Serfling Australian's Covid Waves
Measuring Australia's excess mortality during the COVID-19 pandemic (ABS Release: 30/03/2022. Western Australian excess deaths in 2021 and other KRAP.

You may be asking why am I sifting through the tailings of old Australian Bureau of Statistics (ABS) data?
I’m sure there aren’t any nuggets of gold left, but sifting through the tailings may have some value. There could be something that big miners have missed while looking for vaccine deaths, injuries or lack of effectiveness. The phenomenon that occurred in Western Australia (and possibly in some of the other states of Australians) doesn’t fit the MSM narrative. The data also seems to be counter-intuitive (to me at least). This old ABS article was found by me while looking for WA data. It contains excess deaths by state at a granular level (weekly).

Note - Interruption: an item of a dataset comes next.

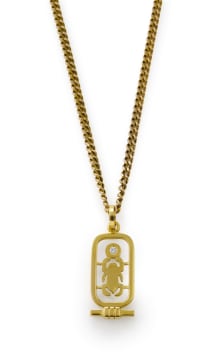 Egyptian scarab beetle pendant and chain, Cairo, 1965-1967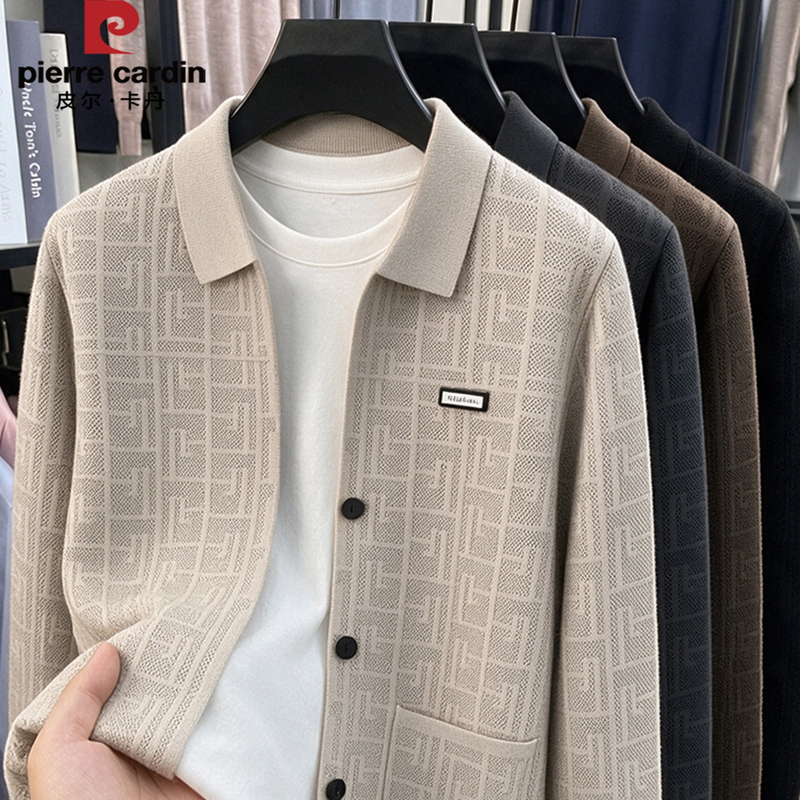 Pierre Cardin Jacquard Knit Cardigan Men's Lapel Sweater Jacket Autumn Wool Blend Outerwear Warm Top Pierre Cardin Jacquard Knit Cardigan Men's Lapel Sweater Jacket Autumn Wool Blend Outerwear Warm Top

I got exited 7% excess deaths in WA, but then I became sad, not statistically significant.
The chart above for Western Australia from “Catch up on the Actuaries Institute’s COVID-19 Mortality Working Group’s latest analysis of excess deaths”, posted 7 December 2022 really bugs me, their explanation1 just doesn’t sit right.

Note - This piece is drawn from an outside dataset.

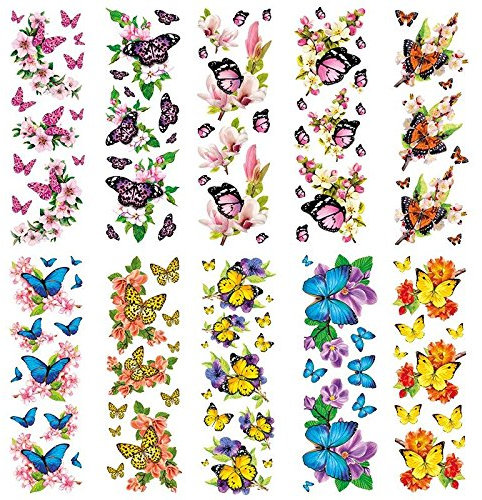 Ideen mit Herz Transparent-Sticker, 10 Bogen à 10cm x 30cm | Bunte Aufkleber zum Basteln & Dekorieren (Schmetterlinge auf Zweigen)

South Australia maybe a better candidate for inspection as the ABS says it statistically significant.
It doesn’t appear that this ABS data will answer my questions, but I was intrigued by the figures given for excess deaths, as they don’t match my expectations, based on MSN news reports and even theories proposed by COVID-19 vaccine skeptics.
How could it be that in 2021;
Tasmania had 10% excess deaths,
Northern Territory had -11% excess deaths (yes, that a minus, deaths actually decreased, it’s not a typo!)

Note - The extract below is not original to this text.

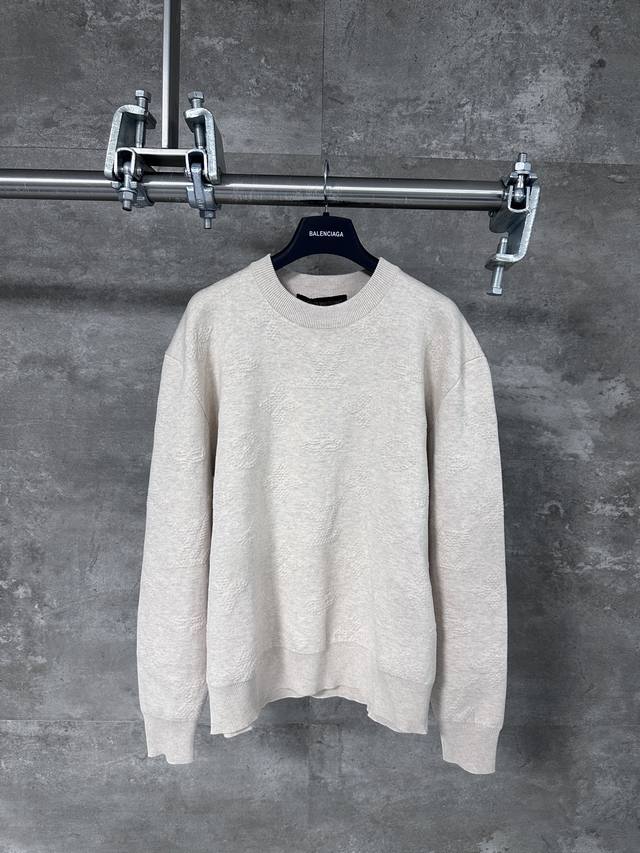 Lv 路易威登 2025新款字母徽标浮雕暗纹毛衣 Size：Xs S M L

and only Victoria and South Australia are considered statistically significant as reported by the ABS? (Looking at the ABS spreadsheets in detail, it would appear that the Northern Territory does actually meet their criteria of statistical significance)
Trying to answer the question above made me look at the methodology used by the ABS i.e the Serfling Model.
Methodology
The analysis of 2020 and 2021 mortality data undertaken by the ABS is based on a model developed by Serfling¹⁰ and later adapted by the US Center for Disease Control (CDC) and New South Wales Health (NSW Health). This section provides an overview of how the model has been developed over time, key aspects of the model, and how the model has been adapted and applied by the ABS in this analysis.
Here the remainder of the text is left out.